Hukum Mati (Exsekusi)

(Di dalam artikel ini, terlampir beberapa foto hukum qishash. Saya tidak bisa melampirkan seluruhnya, karena di zaman serba permisif seperti saat ini, foto foto itu bisa dijadikan sebuah dokumen yang meyakinkan atau bisa pula dimangfaatkan musuh musuh islam untuk mempropagandakan bahwa islam agama yang kejam. Yang berminat melihat foto foto hukum kishash di Saudi, silahkan hubungi saya, terima kasih.)


     
DI LUAR dari faham yang ada, kita mengakui bahwa Saudi Arabia satu satunya negara Islam yang masih memegang hukum qishash (exsekusi) dan melaksanakan suatu keputusan yang telah ditetapkan oleh Mahkamah Kubro (Pengadilan Agung) sesuai dengan ajaran Islam. Memang betul, hukum qishash di Saudi tidak dilaksanakan secara merata, terutama untuk golongan atasan, tapi secara global hukum qishash (exsekusi) telah menjadi ciri khas untuk diterapkan di negara itu secara hukum mengenai suatu perkara atau dalam istilah lainya lazimnya, apa bila semua persyaratan hukum telah dipenuhi, harus dilaksanakan hukum qishash (eksekusi).

Maka, pembunuh, perampok, pemerkosa, penjahat dan terpidana mati lainya yang dianggap telah merusak di muka bumi hukumnya lazim harus di bunuh artinya keputusan hukum itu secara hukum harus dieksekusi. pencuri hukumya lazim harus potong tangannya dan penzina hukumya dirajam. Kata “lazimnya” termasuk katagori yang lazim dipakai dalam keputusan hukum qishash (exsekusi).

Allah berfiman “Sesungguhnya pembalasan terhadap orang-orang yang memerangi Allah dan Rasul-Nya dan membuat kerusakan di muka bumi, hanyalah mereka dibunuh atau disalib, atau dipotong tangan dan kaki mereka dengan bertimbal balik atau dibuang dari negri tempat kediamannya. Yang demikian itu sebagai suatu penghinaan untuk mereka di dunia dan di akhirat mereka beroleh siksaan yang besar “ Al Maaidah 33.

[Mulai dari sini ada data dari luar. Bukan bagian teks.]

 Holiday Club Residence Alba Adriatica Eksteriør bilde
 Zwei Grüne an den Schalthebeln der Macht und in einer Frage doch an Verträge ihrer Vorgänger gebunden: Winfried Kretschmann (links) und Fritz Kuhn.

Allah berfirman “Dan Kami telah tetapkan terhadap mereka di dalamnya At Taurat bahwasanya jiwa dibalas dengan jiwa , mata dengan mata , hidung dengan hidung, telinga dengan telinga, gigi dengan gigi, dan luka-luka pun ada qishashnya. Barang siapa yang melepaskan hak qishashnya, maka kelepaskan hak itu menjadi penebus dosa baginya. Barang siapa tidak memutuskan perkara menurut apa yang diturunkan Allah, maka mereka itu adalah orang yang zalim” Al Maaidah 45.


Dibawah ini saya akan bawakan cerita nyata sebagai contoh atau ‘itibar agar dapat menjadi renungan bagaimana keputusan hukum qishash (hukum penggal) di Saudi dilaksanakan tanpa kompromi.

Masjid jami’ Imam Turki, yang letaknya tidak berjauhan dengan Mahkamah Kubro, sangat luas dan  berkapasitas 10 ribu orang bisa bersolat jama’ah. Lokasinya di tengah tangah kota Riyadh, sangat indah dan menarik. Didalamnya dihiasi dengan lampu lampu beraneka warna model antik dan digelar dengan tikar permadani / sujadah mewah, empuk dan enak diinjak. Dimuka masjid terdapat halaman terbuka yang berukuran super lebar dan lantainya dihiasi dengan marble putih berukir. Di pojok halaman dihiasi dengan air mancur dan spot light yang beraneka warna sehingga sedap dipandang mata. Tempat ini biasanya digunakan untuk rekreasi atau hiburan. Setiap hari atau malam libur. Tidak sedikit kelompok orang asing berkumpul di tempat itu, mereka banyak duduk-duduk dan ngobrol, menghilangkan sumpek dan kekesalan dari pekerjaan

Halaman masjid itu di namakan “ Saahatul Adl “ atau tempat menghukum orang yang terpidana mati, rajam, potong tangan, atau cambuk (dera).  Semua korban hukum mati dipenggal kepalanya dengan pedang tajam oleh Algojo di tempat itu. Hukum rajam bagi penzina muhshon (penzina yang sudah bersuami atau beristri) yang normalnya sangat langka atau hampir tidak pernah tejadi karna sulitanya mencari 4 saksi – dilempari dengan batu sampai mati. Dan semua korban potong tangan dipotong pergelangan tangan kanannya sampai putus. Begitupula yang dihukum cambuk/dera dan lain lainya. Ini semua dilakukan biasanya pada hari Jumat setelah solat Jumat secara terang-terangan di muka publik.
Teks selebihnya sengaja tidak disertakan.